FORA CABRAL! REBELAR-SE É JUSTO!

 

Numa grande onda de rebeldia, explodem manifestações e protestos em todo o país. O estopim inicial foi o aumento abusivo das passagens de ônibus. Prontamente a resposta do Estado através de seus governos foi a brutal repressão as passeatas.

A resposta do povo foi mais mobilização e mais combatividade. Novas bandeiras foram levantadas: Saúde, educação, contra os gastos milionários com a copa e olimpíadas, contra todos os governos, municipal, estadual e federal. Enfim tudo o que representa o podre Estado Brasileiro e seus governos. Intimidados pela ação do povo, se apressam em revogar o aumento das tarifas, e também começaram junto com a imprensa reacionária, tentar desviar o movimento, chamando os manifestantes de vândalos, arruaceiros etc, dizendo como e quando .devemos fazer manifestações. Tudo isso, para tentar transformar a rebelião popular contra este velho estado em um movimento festivo por ética, ordeiro por uma “reforma política”.

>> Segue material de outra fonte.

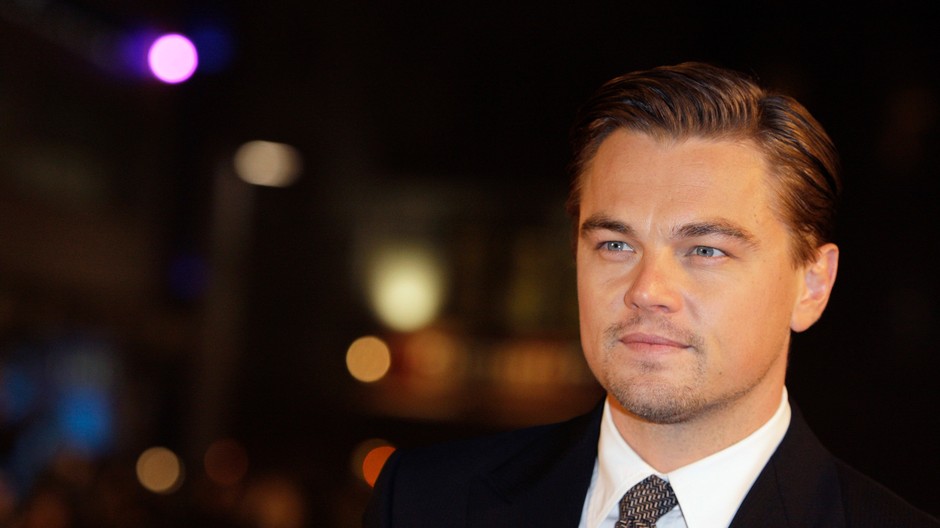 leonardo dicaprio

Nesta rebelião as mulheres estão sempre na linha de frente, ao lado de seus companheiros e filhos, lutando junto com a sua classe.

Em meio à profunda crise do capitalismo em todo o mundo, nem a propaganda enganosa do Estado e dos monopólios de imprensa conseguem disfarçar o que o povo sente na pele.

Vem à tona, a insatisfação popular, revelando o esgotamento da política de superexploração do trabalho, tapeações, e a propaganda de um país de progresso e melhorias, que não correspondem a realidade, especialmente são as mulheres, que mais sofrem no dia a dia com a carestia, a falta de perspectiva de vida de seus filhos, com a má qualidade da educação e a falta de serviços públicos decentes.

A Copa, tão alardeada, se revelou além de uma grande oportunidade para a roubalheira dos empresários e políticos, têm causado tragédias na vida do povo, com as remoções de comunidades e as ditas “pacificações” que criminalizam a pobreza e política de extermínio da pobreza.

E o que o Estado tem feito para responder aos anseios do povo? Por um lado, promessa de reformas, “maquiagens” que são feitas pelos mesmos e para os mesmos que seguem no poder à décadas. Por outro, a crescente violência policial. No Rio de Janeiro e em todo Brasil são feitas prisões arbitrárias (já são milhares de presos políticos no país), bombas e tiros (inclusive de armas letais) são disparados contra manifestantes.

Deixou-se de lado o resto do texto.